> [Exercise brief]: The part below that opens with the line containing "Pennsylvania Quad Logo" and closes with the line containing "Summer Elegant Embroidery" should be copied exactly, minus any pictures.

(Entries supplied)

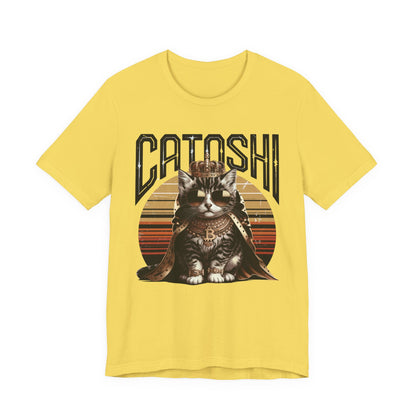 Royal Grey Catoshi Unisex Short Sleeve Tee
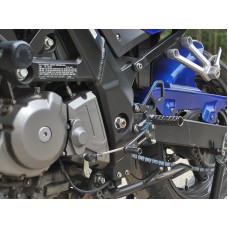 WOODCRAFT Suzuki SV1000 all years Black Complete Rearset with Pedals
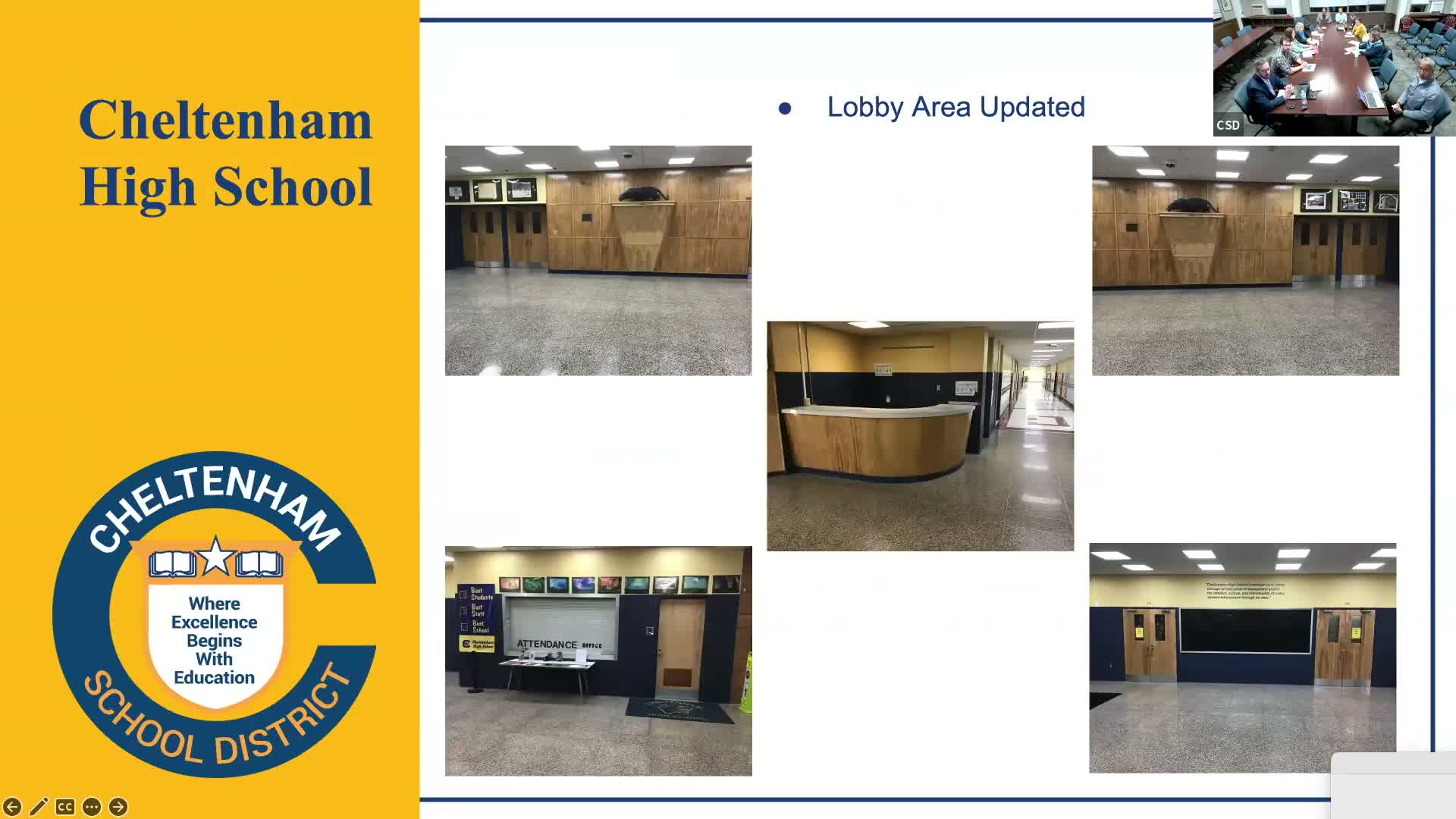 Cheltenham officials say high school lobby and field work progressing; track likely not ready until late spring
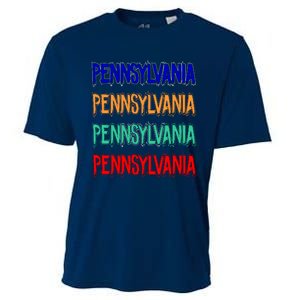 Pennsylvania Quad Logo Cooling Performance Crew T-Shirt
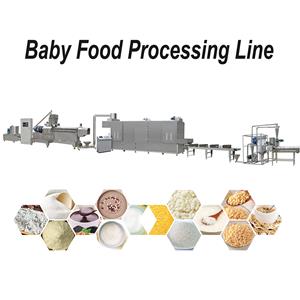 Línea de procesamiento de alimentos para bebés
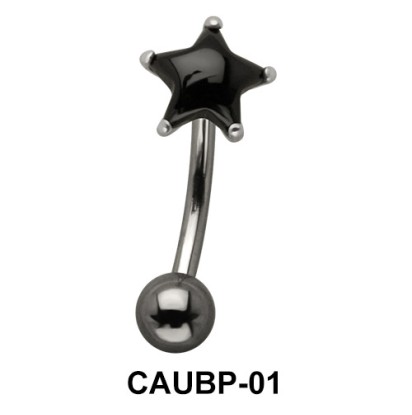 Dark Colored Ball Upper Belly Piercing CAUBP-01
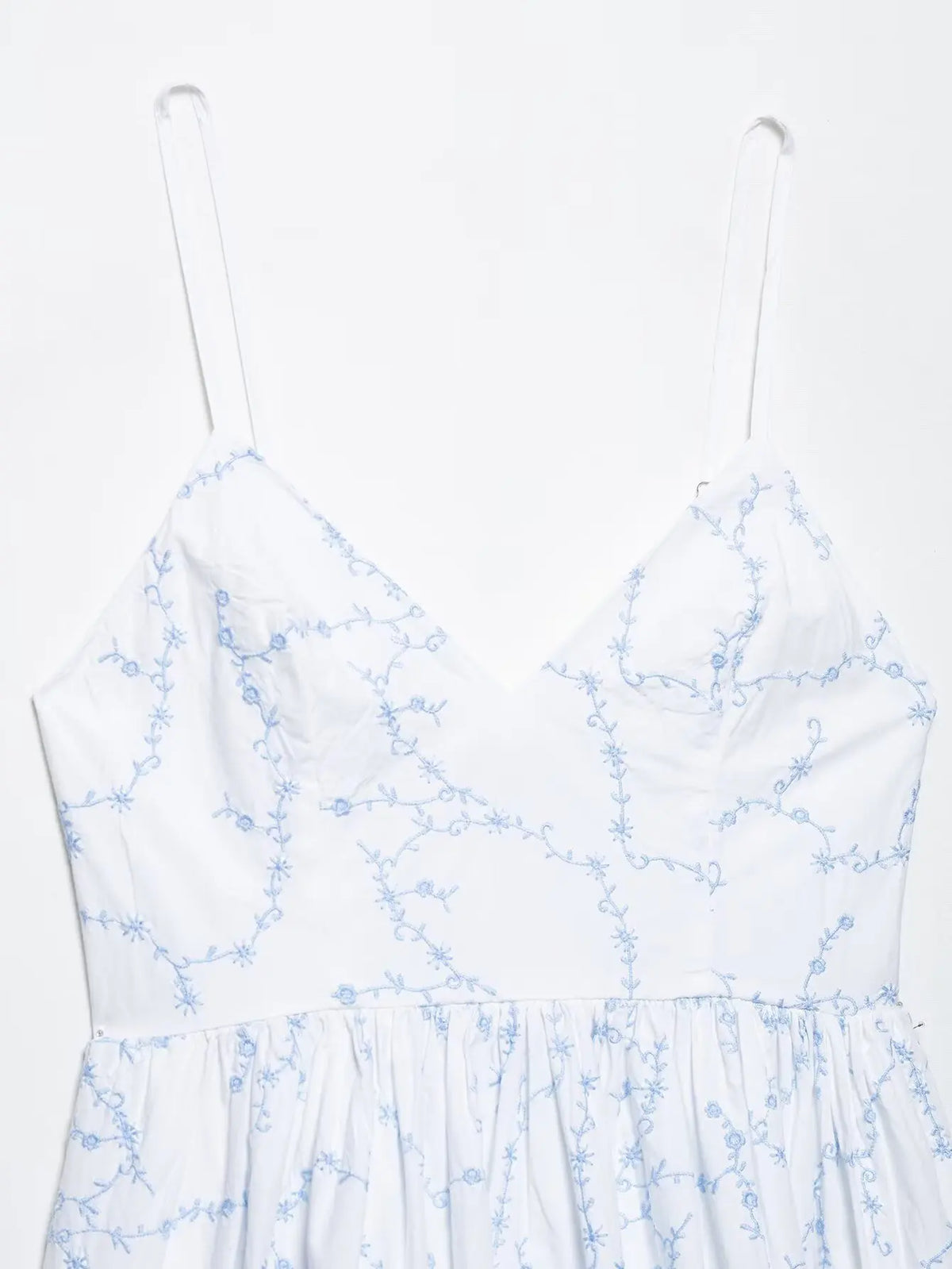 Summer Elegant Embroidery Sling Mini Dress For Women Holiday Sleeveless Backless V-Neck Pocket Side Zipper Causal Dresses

(End Entries supplied)
(Entries supplied)

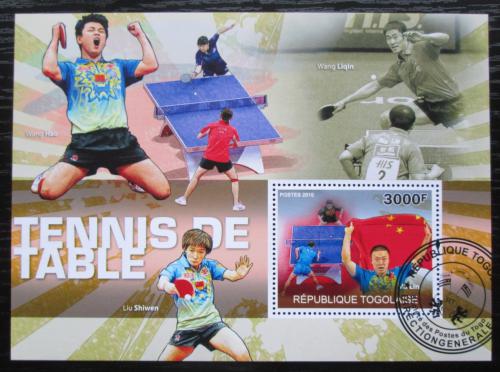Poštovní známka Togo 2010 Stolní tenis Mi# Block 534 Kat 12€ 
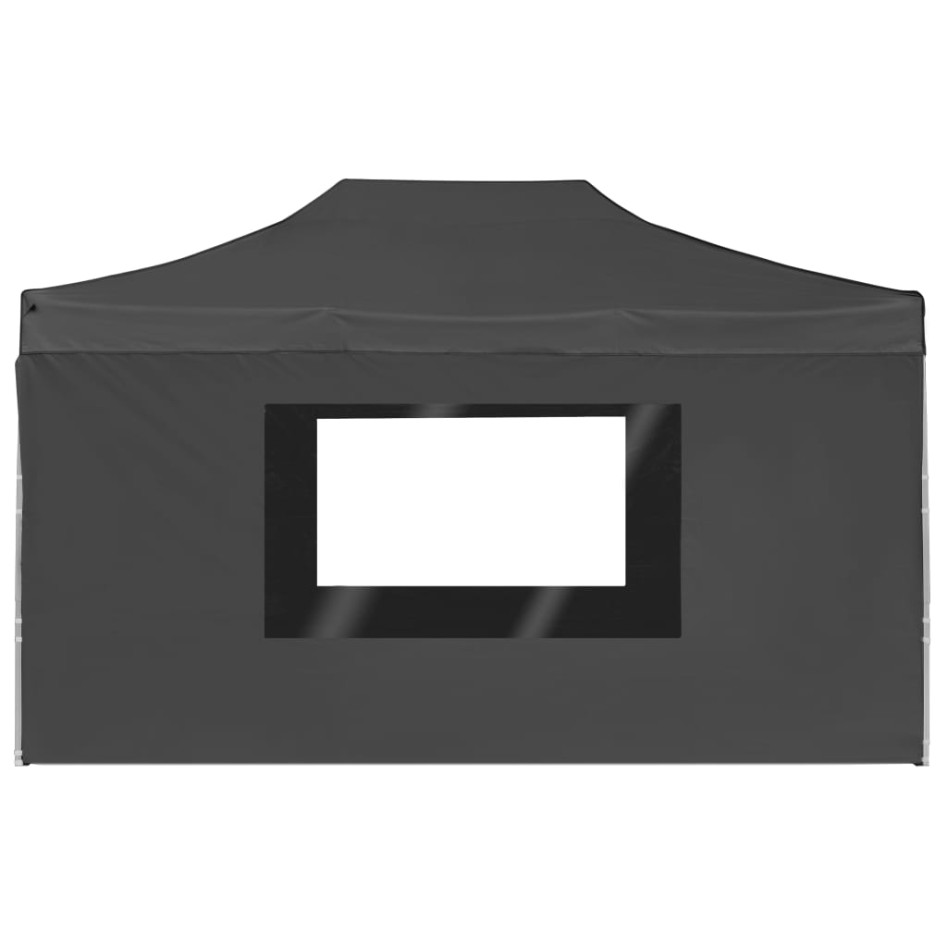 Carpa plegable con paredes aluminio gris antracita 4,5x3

(End Entries supplied)

> [Result of this exercise]:
 Pennsylvania Quad Logo Cooling Performance Crew T-Shirt
 Línea de procesamiento de alimentos para bebés
 Dark Colored Ball Upper Belly Piercing CAUBP-01
 Summer Elegant Embroidery Sling Mini Dress For Women Holiday Sleeveless Backless V-Neck Pocket Side Zipper Causal Dresses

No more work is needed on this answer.